Die menschlichen Kosten sind verheerend. Nach Angaben des thailändischen Gesundheitsministeriums wurden mindestens 14 Menschen auf thailändischer Seite getötet, darunter 13 Zivilisten, und 46 weitere verletzt. Kambodscha hat bisher keine offiziellen Opferzahlen veröffentlicht. Schätzungen zufolge wurden auf beiden Seiten der Grenze über 100.000 Zivilisten aus ihren Dörfern evakuiert und in Notunterkünften untergebracht.
Fazit: ASEAN am Scheideweg
Der Konflikt zwischen Thailand und Kambodscha ist ein gefährliches Zusammenspiel aus historischer Feindseligkeit, die für innenpolitische Zwecke instrumentalisiert wird. Die schnelle und gewaltsame Eskalation offenbart ein kritisches Versagen regionaler Deeskalationsmechanismen. Die internationale Gemeinschaft hat mit Besorgnis reagiert.
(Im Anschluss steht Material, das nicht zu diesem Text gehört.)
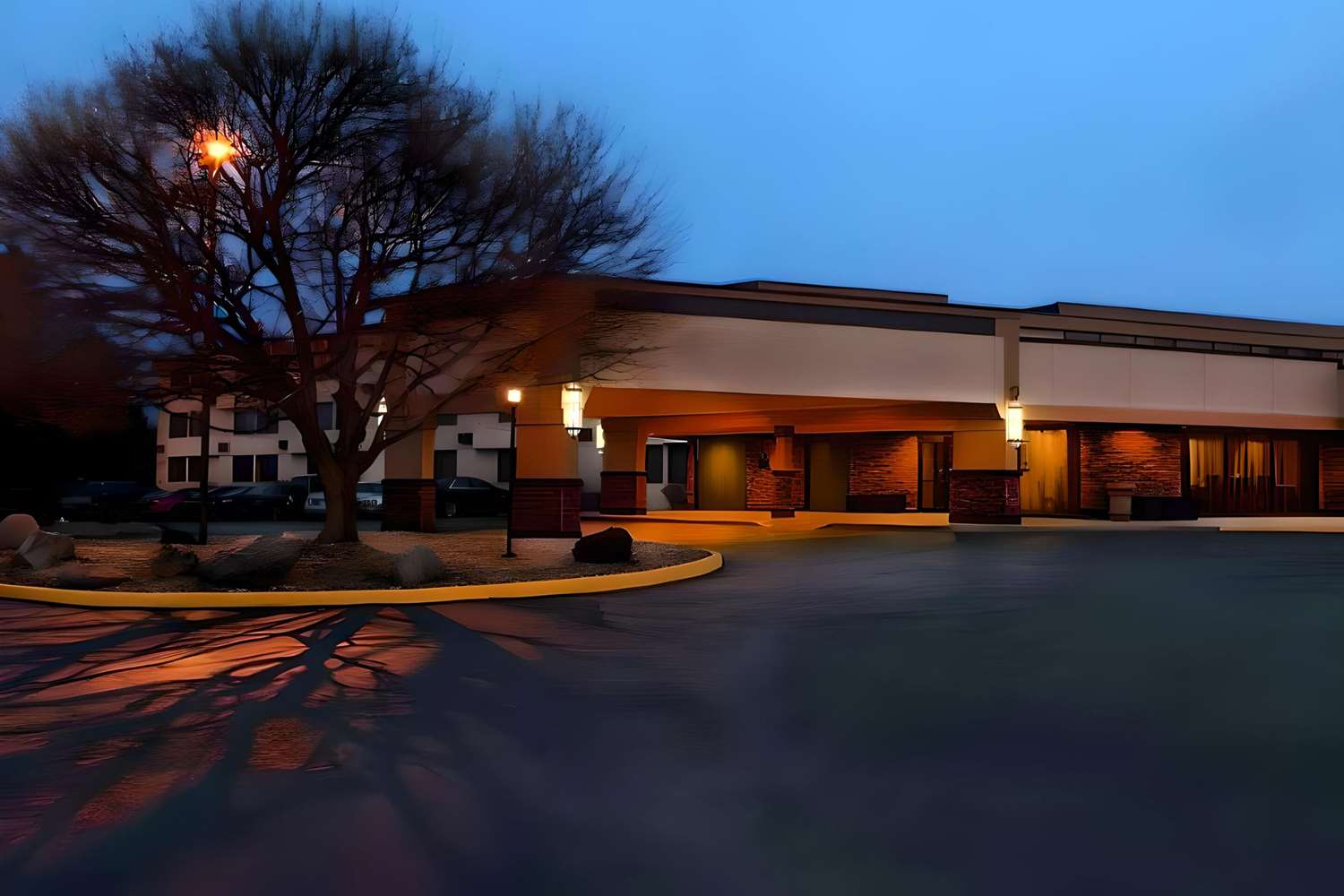 Quality Inn West Lafayette - University Area 2/20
Die USA und China haben zur Zurückhaltung aufgerufen, und der UN-Sicherheitsrat hat auf Antrag Kambodschas eine Dringlichkeitssitzung abgehalten.
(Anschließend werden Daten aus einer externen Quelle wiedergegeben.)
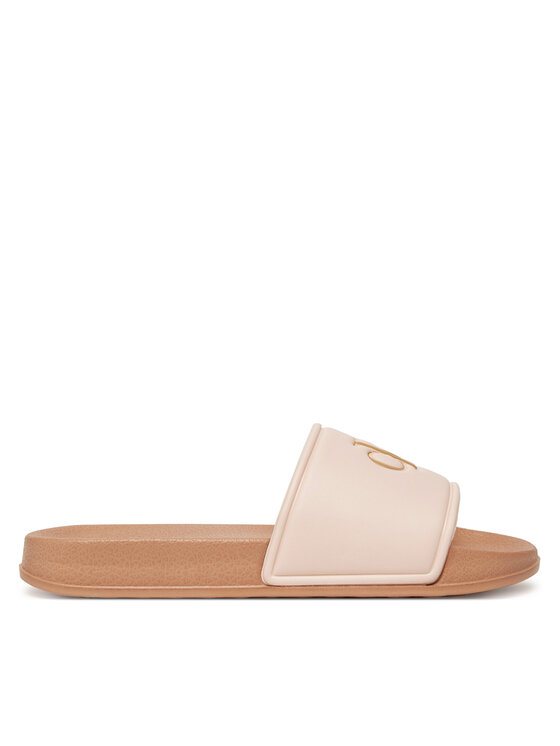 

Шлепанцы V3A0-82066-1172 Calvin Klein Jeans, розовый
Die größte Verantwortung und zugleich die größte Herausforderung liegt jedoch bei der ASEAN. Als amtierender Vorsitzender hat der malaysische Premierminister Anwar Ibrahim eine proaktive Rolle übernommen und mit den Führern beider Länder telefoniert, um auf einen sofortigen Waffenstillstand zu drängen. Der Ausgang dieser Krise wird nicht nur über Frieden oder Krieg an der Grenze entscheiden, sondern auch ein Lackmustest für die Glaubwürdigkeit und Handlungsfähigkeit der ASEAN sein, deren zentrales Versprechen die Wahrung des Friedens zwischen ihren Mitgliedern ist.